The scalar glueball operator, the a-theorem, and the onset of conformality

We show that the anomalous dimension $\gamma_G$ of the scalar glueball operator contains information on the mechanism that leads to the onset of conformality at the lower edge of the conformal window in a non-Abelian gauge theory. In particular, it distinguishes whether the merging of an UV and an IR fixed point -- the simplest mechanism associated to a conformal phase transition and preconformal scaling -- does or does not occur. At the same time, we shed light on new analogies between QCD and its supersymmetric version.
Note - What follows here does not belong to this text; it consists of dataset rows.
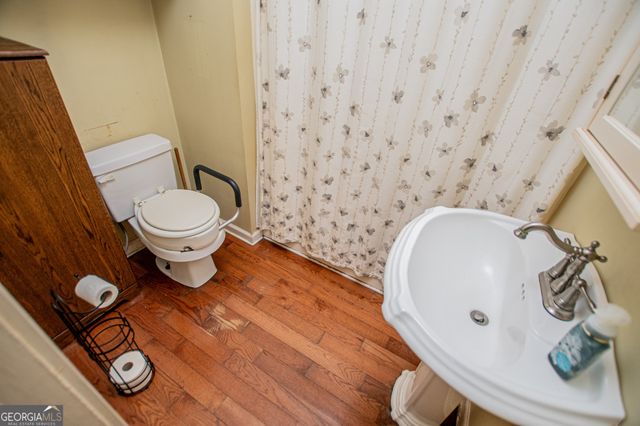 527 College Street, Carrollton, GA 30117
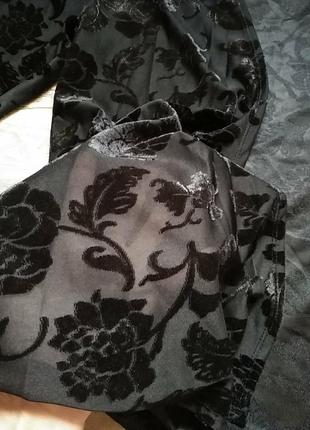 Очень красивая велюровая накидка размер 48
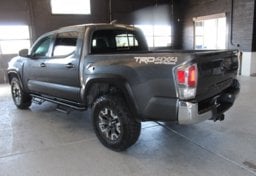 2021 Toyota Tacoma TRD Off-Road - Thumbnail 10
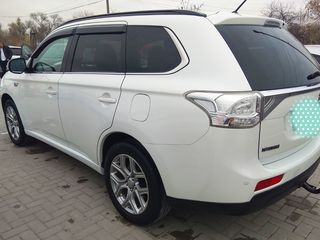 Mitsubishi Outlander foto 5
In SQCD, we derive an exact relation between $\gamma_G$ and the mass anomalous dimension $\gamma_m$, and we prove that the SQCD exact beta function is incompatible with merging as a consequence of the $a$-theorem; we also derive the general conditions that the latter imposes on the existence of fixed points, and prove the absence of an UV fixed point at nonzero coupling above the conformal window of SQCD. Perhaps not surprisingly, we then show that an exact relation between $\gamma_G$ and $\gamma_m$, fully analogous to SQCD, holds for the massless Veneziano limit of large-N QCD. We argue, based on the latter relation, the $a$-theorem, perturbation theory and physical arguments, that the incompatibility with merging may extend to QCD.